Inconsciemment, nous pensons que les personnes d’un groupe étranger sont moins humaines, moins intelligentes et moins susceptibles d’éprouver des sentiments complexes, montrent les études.
En 2017, plus de 90 % de Français déclaraient révoltant le refus d’embaucher une personne qualifiée pour un poste, ou de lui louer un logement, pour la seule raison qu’elle est noire ou d’origine maghrébine (sondage CNCDH/Ipsos). Pourtant, dans son rapport annuel de 2017, la Commission nationale consultative des droits de l’homme (CNCDH) observait que ces mêmes Français étaient 54 % à estimer qu’il y a trop d’immigrés en France. Et dans son rapport de 2018, elle pointait des actes racistes tout aussi nombreux.
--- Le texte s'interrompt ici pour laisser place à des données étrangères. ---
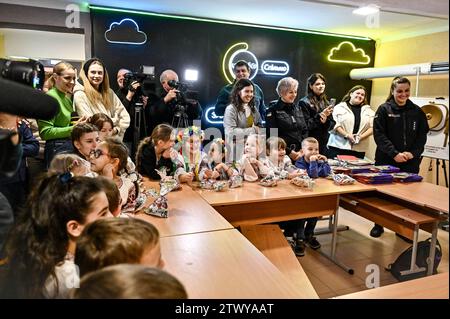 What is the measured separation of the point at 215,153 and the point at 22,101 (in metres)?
1.88

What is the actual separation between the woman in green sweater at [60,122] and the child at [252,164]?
1.07m

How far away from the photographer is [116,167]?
Result: 5.57ft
Certes, les sondages sur des questions aussi sensibles sont à manier avec précaution. Mais cette ambivalence, qui n’est pas propre à la France, n’en est pas moins évidente, preuve que le racisme reste un phénomène plus complexe qu’on ne le croit. Et les études menées en psychologie sociale (principalement aux États-Unis, où la question du racisme a un poids historique considérable) montrent que nous sommes en effet beaucoup plus racistes que nous le croyons.
Professeur à l’université de Yale, le psychologue John Dovidio démontre depuis plus de vingt-cinq ans que l’on peut avoir un discours sincèrement antiraciste tout en manifestant au quotidien des pratiques inconscientes de discrimination vis-à-vis de certaines catégories de personnes, dès lors qu’elles peuvent être justifiées par des arguments pseudo-rationnels. Il a ainsi confronté différentes personnes blanches à l’agression (simulée) d’une femme au couteau. Dans un cas, la femme agressée est blanche, dans l’autre, noire. Résultat ?
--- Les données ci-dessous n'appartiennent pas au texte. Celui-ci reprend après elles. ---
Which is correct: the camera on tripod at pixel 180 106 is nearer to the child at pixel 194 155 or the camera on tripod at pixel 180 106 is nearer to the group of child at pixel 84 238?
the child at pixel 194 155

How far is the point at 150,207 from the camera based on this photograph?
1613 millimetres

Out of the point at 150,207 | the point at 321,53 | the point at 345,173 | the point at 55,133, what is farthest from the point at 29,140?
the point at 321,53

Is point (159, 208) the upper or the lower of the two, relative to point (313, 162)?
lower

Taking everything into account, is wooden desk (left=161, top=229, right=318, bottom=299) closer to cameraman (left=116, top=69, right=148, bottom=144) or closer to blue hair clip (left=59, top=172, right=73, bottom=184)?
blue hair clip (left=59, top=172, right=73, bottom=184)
Quand la personne pense être le seul témoin de la scène et donc moralement tenue d’intervenir, elle porte secours à la victime, qu’elle soit blanche ou noire. Mais lorsque la personne croit que d’autres assistent comme elle à l’agression, et qu’elle peut donc se convaincre que d’autres interviendront à sa place, elle porte secours deux fois moins souvent à la femme noire qu’à la femme blanche (38 % contre 75 %). Idem lorsqu’on demande à des cobayes blancs, qui s’affirment pourtant non-racistes, de choisir un candidat pour un poste : quand les compétences sont sans ambiguïté, le candidat noir n’est pas discriminé. Mais lorsque ces compétences trahissent des forces et des faiblesses, le candidat blanc est systématiquement favorisé par rapport au candidat noir.
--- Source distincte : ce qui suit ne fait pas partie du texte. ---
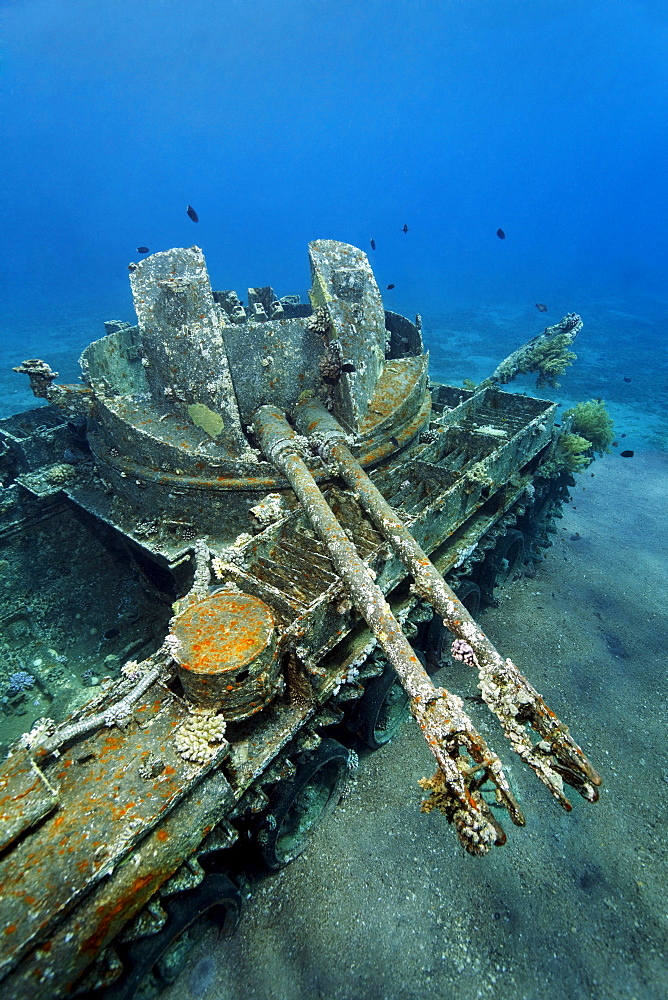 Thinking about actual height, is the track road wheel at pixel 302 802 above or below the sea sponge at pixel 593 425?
below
Les actes antisémites en forte hausse
© SHUTTERSTOCK – M. KONTENTE
Malgré une récente baisse, les actes haineux (courbe orange) recensés en France ont globalement augmenté depuis vingt-cinq ans. Et, d’après les chiffres des neuf premiers mois de 2018, les actes antisémites sont en très forte hausse : + 69 %.
Malgré une récente baisse, les actes haineux (courbe orange) recensés en France ont globalement augmenté depuis vingt-cinq ans. Et, d’après les chiffres des neuf premiers mois de 2018, les actes antisémites sont en très forte hausse : + 69 %.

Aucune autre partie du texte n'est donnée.